This is the second blog in Cloud Thoughts, a series delving into the details of deploying ThoughtSpot in the Cloud.
Here at ThoughtSpot, our goal is to make analytics accessible for every business person through the power of search and AI. While thinking about these end users, however, we’ve not forgotten the IT warriors who are tasked with developing, building, and deploying the infrastructure to support these business users.
And for these IT pros, nothing looms larger than the cloud.
Fret not, IT ninjas! Deploying a ThoughtSpot multi-node cluster in the cloud is very easy, thanks to the ability to use infrastructure orchestration tools like Terraform in combination with application provisioning frameworks like Ansible.
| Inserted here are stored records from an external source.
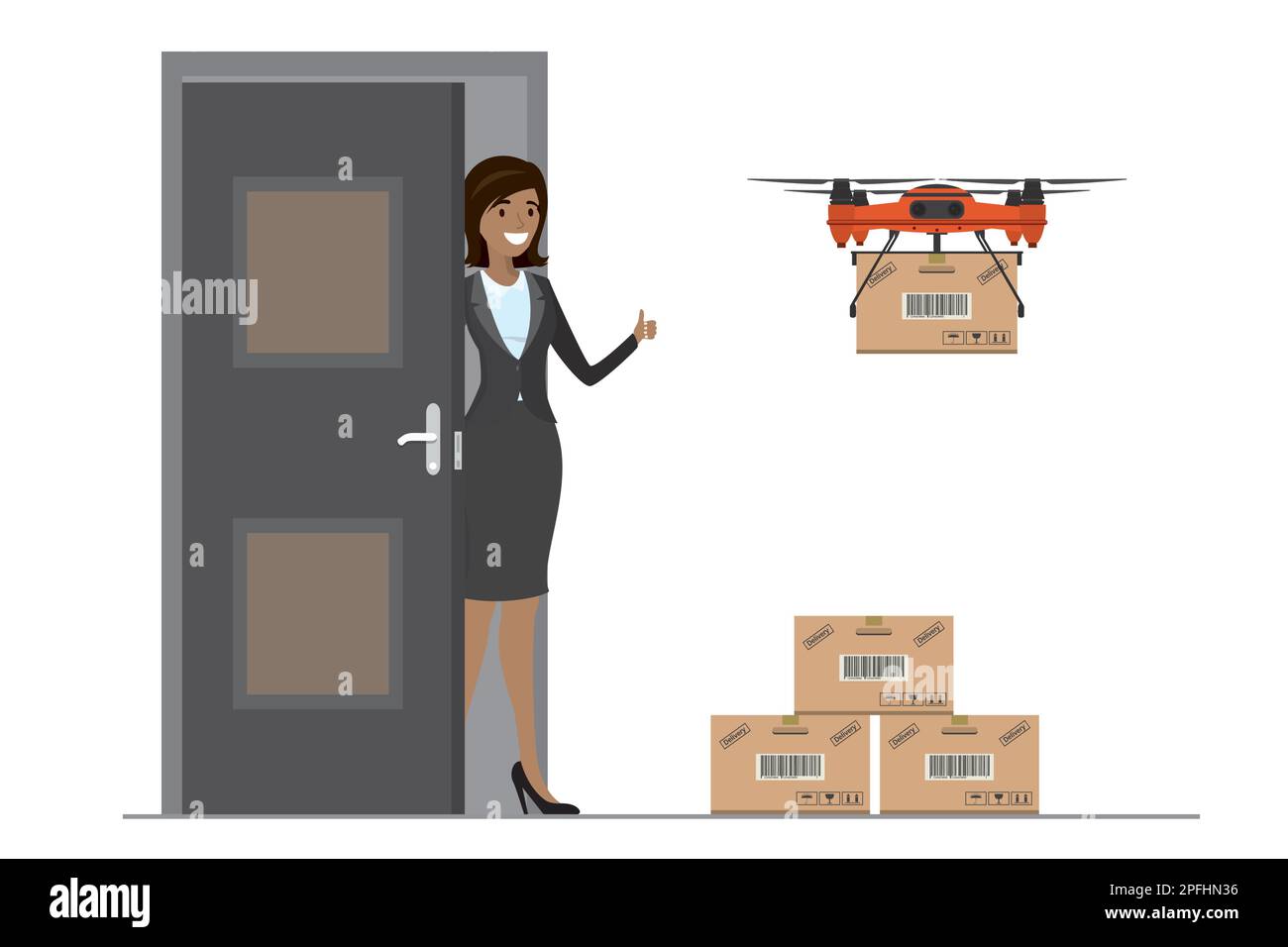 Caricature africaine américaine femme près de porte et livraison de drone avec boîte. Pile de boîtes à colis. Isolé sur fond blanc. Contexte du concept de livraison. Illustration de Vecteur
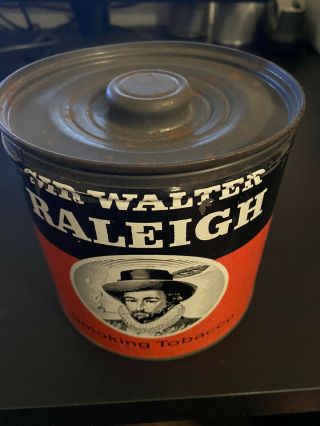 Sir Walter Raleigh Vintage Pipe & Cigarette Smoking Tobacco Tin Can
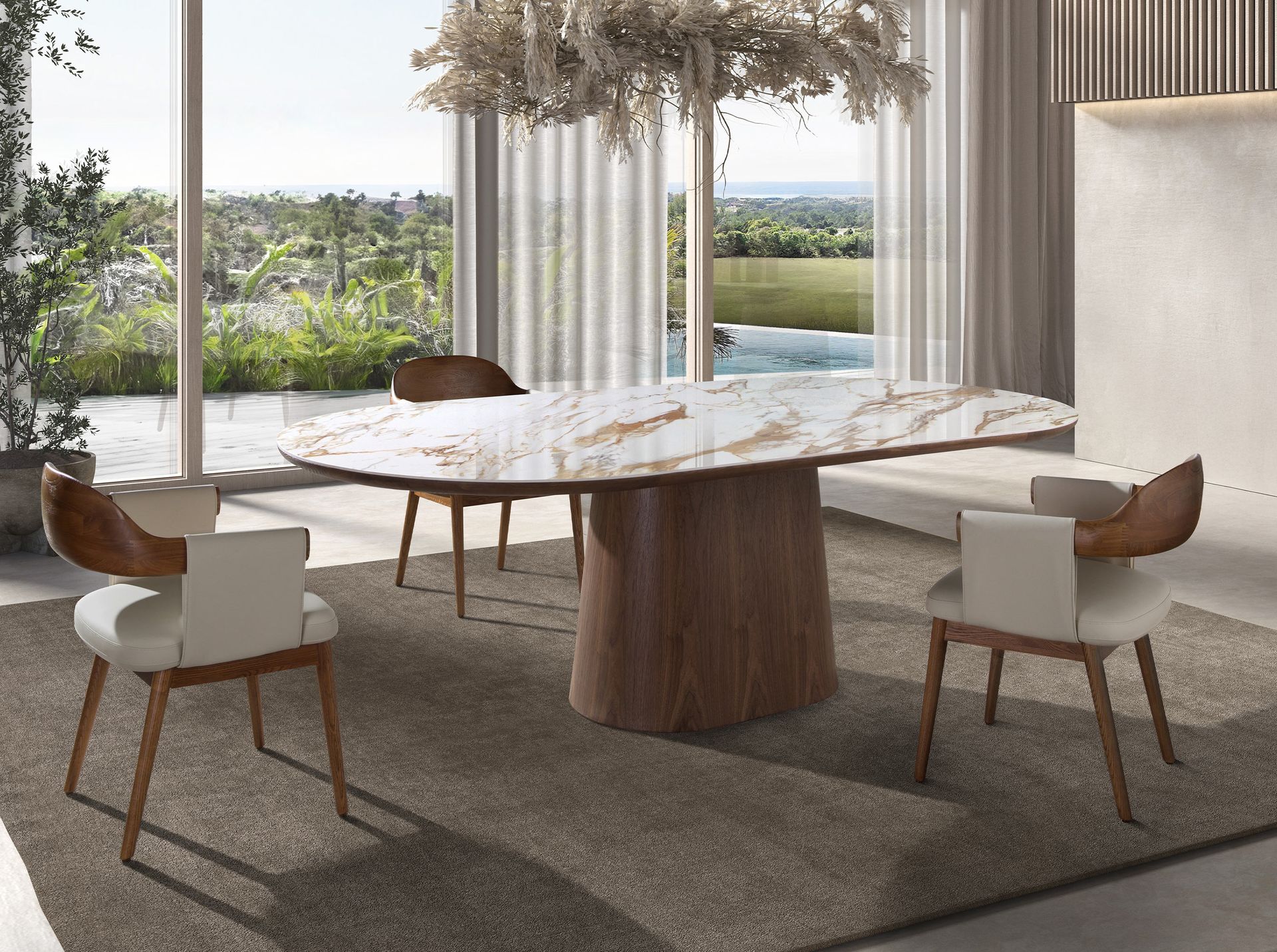 Porcelain marble and walnut half round oval dining table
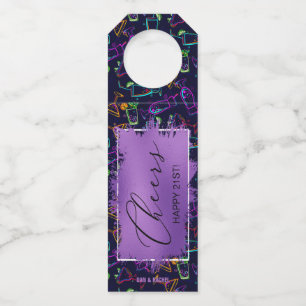CHEERS Neon Cocktails 21st Birthday Bottle Hanger Tag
IT operators who are looking to automate the deployment of their infrastructure and provision ThoughtSpot software to setup a cluster can use this combination of Terraform and Ansible to automate the entire provisioning workflow.
In this article, we’ll show you a step by step process to use Terraform and Ansible to create a fully functional multi-node cluster, including deploying the cloud infrastructure needed to host ThoughtSpot and provisioning ThoughtSpot software on these nodes
If you’re unfamiliar, Terraform is a tool for building, changing, and versioning infrastructure safely and efficiently. Terraform can be used to manage ThoughtSpot infrastructure deployment in all the cloud provider environments that we currently support (AWS, GCP, Azure). Terraform is cloud-agnostic and allows a single configuration to be used to manage multiple providers, and to even handle cross-cloud dependencies.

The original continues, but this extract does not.